What are some of the books that you’re teaching this year? How do you motivate students to read extra books that are outside of the curriculum?
We have to teach The Crossover, which is a narrative poem about a kid who plays basketball and his dad dies at the end. I think it’s a good book, but I don’t love it so I added three more. I have this chart that says Master Reader, and if you read five books in the marking period, then you’re a master. If you only read one, then you’re a reader. It’s not a competition; it’s more of a discussion. I let them know that not everyone is going to [read] five books. You may only do one, and that’s okay. And why did you only do one and someone else did five? When you go home, you have to help your mom; when they go home, they’re chillin’, so they have more time. We have these open discussions where we talk about how intimate reading is and how diverse we are as learners.

Tell us about last year’s after-school trip to the new Baltimore City Correctional Center with your Reading Club students.

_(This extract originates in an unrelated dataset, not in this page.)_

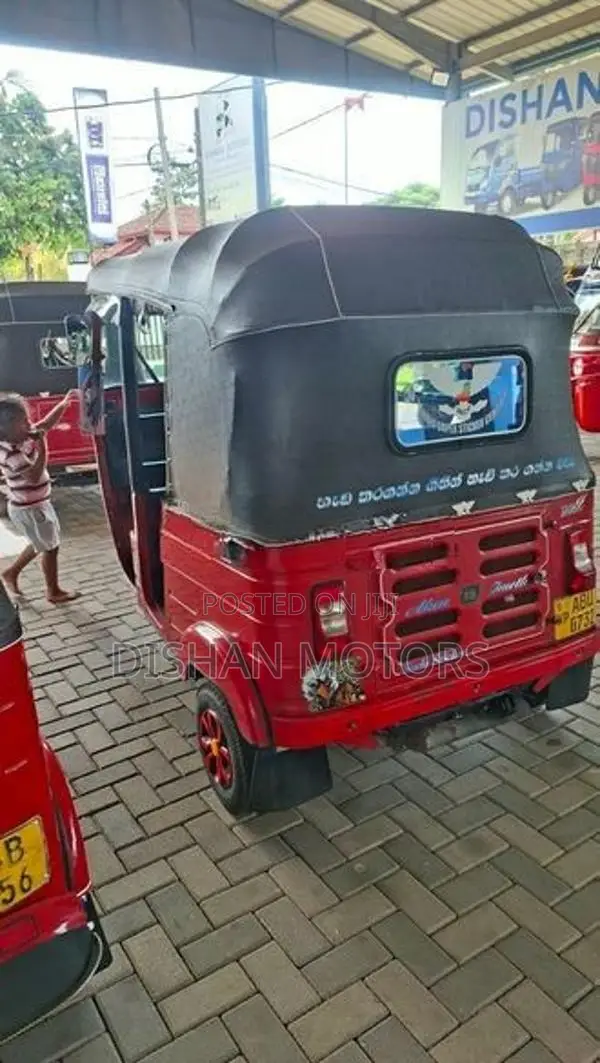 Bajaj RE 4 Strok 2019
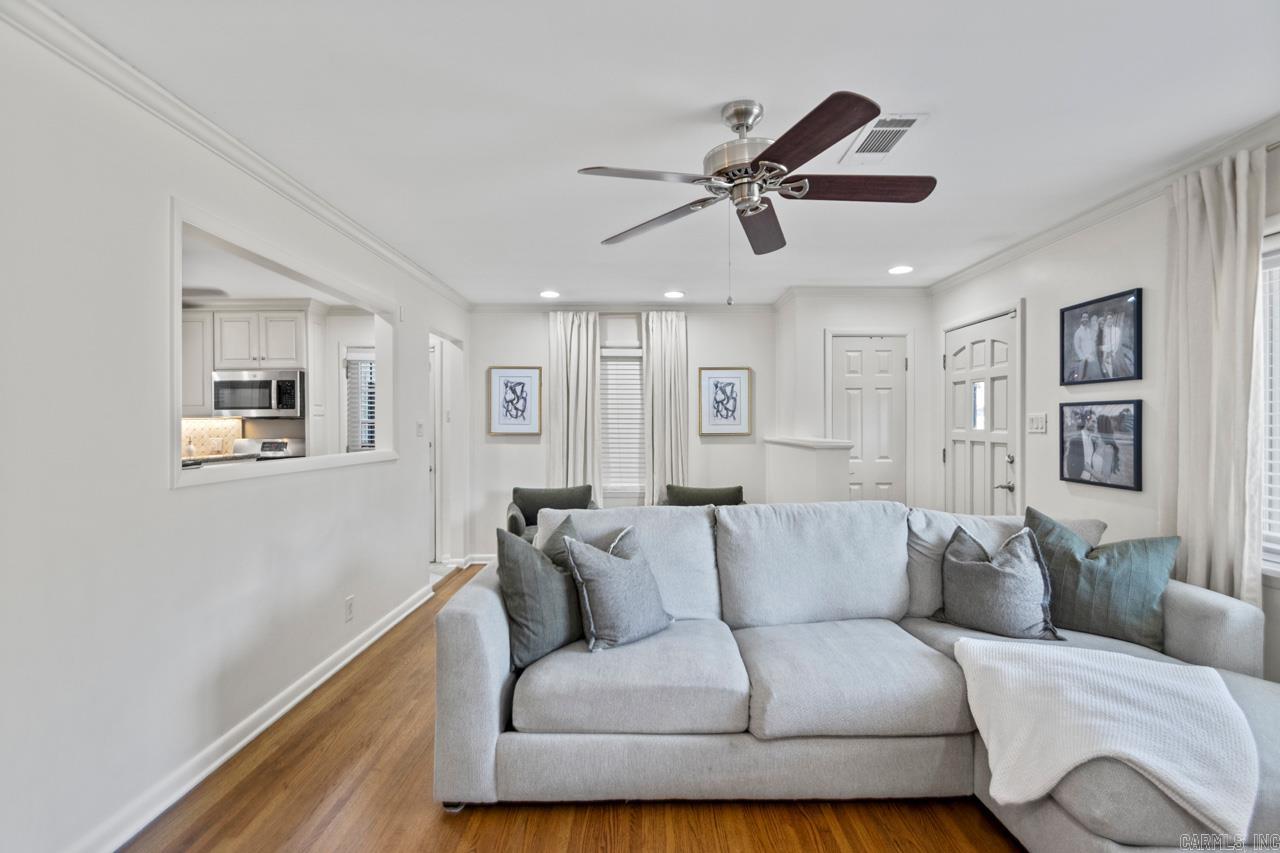 KINGWOOD PLACE - Residential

The jail trip was big for me because we didn’t have books [in my classroom] last year. All the books I have this year came from a book drive on Instagram, and now there are enough for kids to read at home in addition to the class set. How does the city give the jail $32 million, but our schools are lacking? So I walked the kids down to the jail and let them see. Where are the playgrounds? Why do we have all these Chinese restaurants and liquor stores and carryouts? Where’s the actual supermarket? For the kids, it was eye-opening. I let them ask all of the questions.

How have your students affected your life?
The children that I’m teaching are my family. I don’t know how, and I honestly don’t care how, but the work that I’m doing is beyond me, and I take a lot of pride in that. It’s really an honor, and it allows me to trust the process. I had a student who was murdered at barely 22 years old and had a 6-year-old daughter. I can hear his voice saying, “Now I’m actually with you, Ms. Clay, while you’re dealing with these boys. You won’t lose another one.” I can feel that, I can hear that, I can see it in the butterflies, I can feel it in the wind, and I know that everything’s going to be good. That’s why, for me, I would call Baltimore ‘Charm City’. It’s like that witchy charm. And not witchy with a notion of scary, harmful magic. It’s the magic that most people don’t know is inside of them. And I get to pull that out of these kids, and they pull it out of me.